Adam et Eve ont du charisme même en murmurant (car oui les vampires ne parlent pas fort, ils arrivent à se faire comprendre d’une voix tout à fait lente et faible sans se faire passer pour d’énervant originaux)
Ce film montre une bulle où sont reclus les personnages et dont on a le sentiment que le monde extérieur n’a vraiment plus d’importance pour eux, comme si toute la beauté de ce monde s’était perdu et dévoilé seulement à travers le regard d’Adam et Eve lorsqu’ils se regardent ou observent leurs propres biens (« c’est Magnifique » comme dirait Eve). Les humains se font appelé zombies par adam, comme si leur âme s’était perdu aussi.
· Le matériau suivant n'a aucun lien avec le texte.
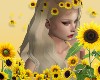 Honey Sunflower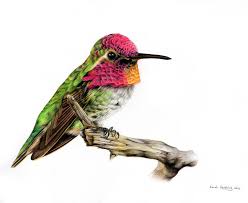 We did not find results for: Hummingbird Colour Pencil Drawing Painting By Sarah Stribbling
Adam se laisse seulement porter par sa simple existence, languis sur son canapé.
Il est entouré de ses vieux objets, guitares, portraits de ces personnes qui ne sont plus ses héros, et même s’il se raccroche à ce qu’il connaît (Eve, sa musique, ses objets) il n’est plus matérialiste, on sent qu’il pourrait suffire qu’un déclic pour qu’il s’en aille et disparaisse. C’est ce qu’il veut d’ailleurs.
Contrairement au vampire traditionnel représenté, pas de profusion de sexe et de violence, ce qui est à mon sens plus crédible. Un être immortel dépasserait ce genre de chose au bout de plusieurs siècles, finirait par se lasser et préférerait l’amour éternel. Je trouve ça d’ailleurs malin d’avoir pris le parti pris de l’amour éternel qui aurait pu être risqué, mais heureusement on ressent le profond amour que les deux êtres partagent, et pas besoin de frémissement à répétition ou de gros plan sur les visages hypnotisés, c’est donc un amour qui se ressent naturellement sans matière ajouté, un amour qui dure depuis 1868, qui n’est plus très frais mais qui parais comme un verre de vin (ou de sang), meilleur après les années passés.
Pas de sexe, mais de la défonce par contre ça y est. A voir leur ravissement, le sang = meilleure drogue du monde si ça peut redonner de la chaleur aux visages les plus froids du monde.
On est donc face à des vampires qui ont tout vu, tout connu, mais qui ne sont pas non plus dégénérés, prétentieux ou à faire les malins. Pas de plan pour conquérir le monde, ils veulent rester isolés de ce monde qu’il s’en fichent à présent. Il pourrait se faire dévaster, il pourrait y avoir la guerre et des ennuis impersonnels ils auraient toujours le même état d’esprit inébranlable.
En effet, Adam est très centré sur lui-même et son désespoir.
Et pour donner un aperçu de ce qu’auraient pu être Adam et Eve plus jeune, Ava la sœur d’Eve fait son apparition en teenager insupportable, qui n’en fait qu’à sa tête et qui pense surtout à s’amuser. Malgré son caractère et ses gestes impardonnable, elle rafraîchit le tableau et parvint à faire revenir pendant un temps Eve et Adam à leur anciens démons.